### WORK INSTRUCTION:
Leave the pictures out, and transcribe the material below exactly from the line with "Lagaci Royal Blue" to the line with "Kit Plafon LED", both lines included.

### RECORDS FOR THIS EXERCISE:
★ ★ ★ ★
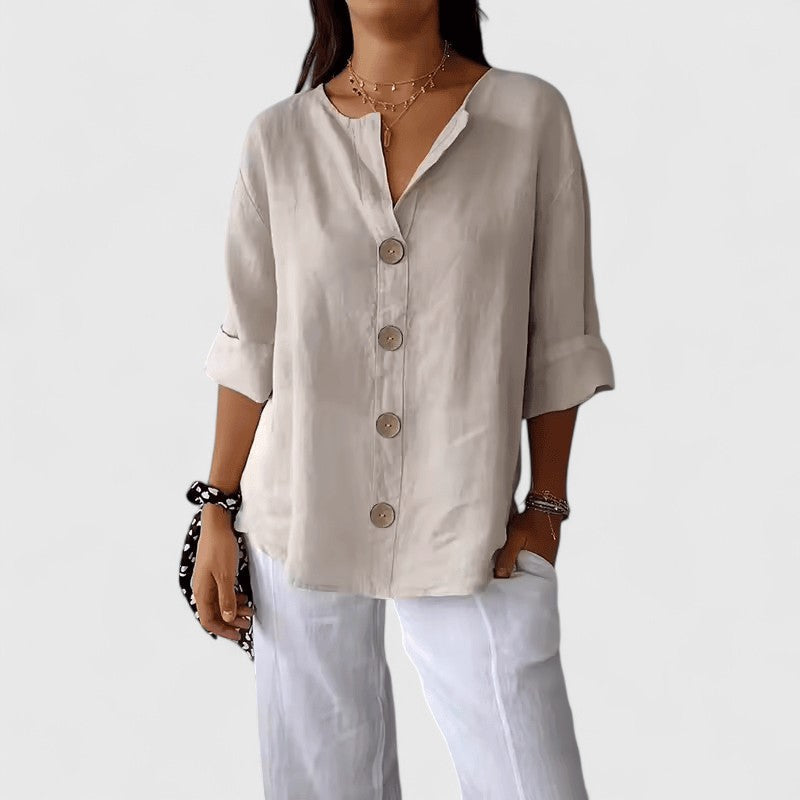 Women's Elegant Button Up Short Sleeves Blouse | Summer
★ ★ ★ ★
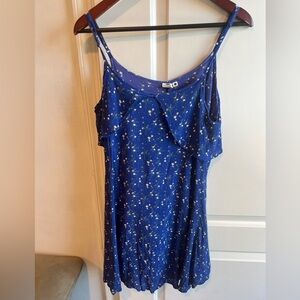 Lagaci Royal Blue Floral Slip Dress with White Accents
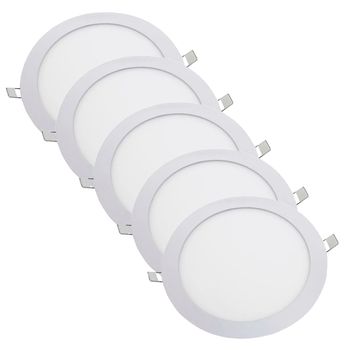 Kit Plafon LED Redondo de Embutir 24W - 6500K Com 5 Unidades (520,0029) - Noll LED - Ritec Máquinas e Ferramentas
★ ★ ★ ★
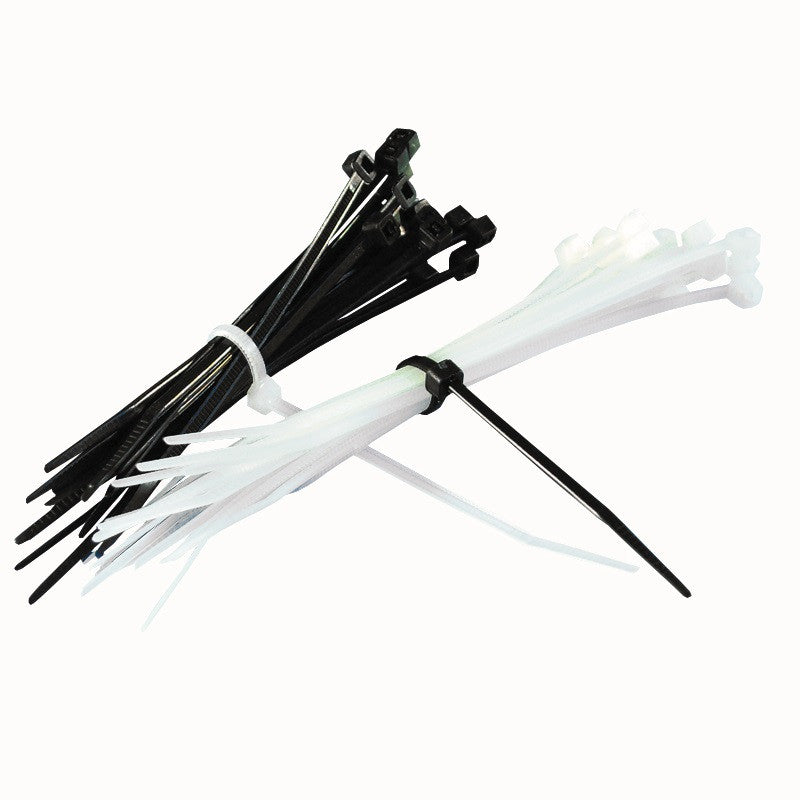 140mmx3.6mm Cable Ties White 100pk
★ ★ ★ ★
### ANSWER TO THIS TASK:
 Lagaci Royal Blue Floral Slip Dress with White Accents
 Kit Plafon LED Redondo de Embutir 24W - 6500K Com 5 Unidades (520,0029) - Noll LED - Ritec Máquinas e Ferramentas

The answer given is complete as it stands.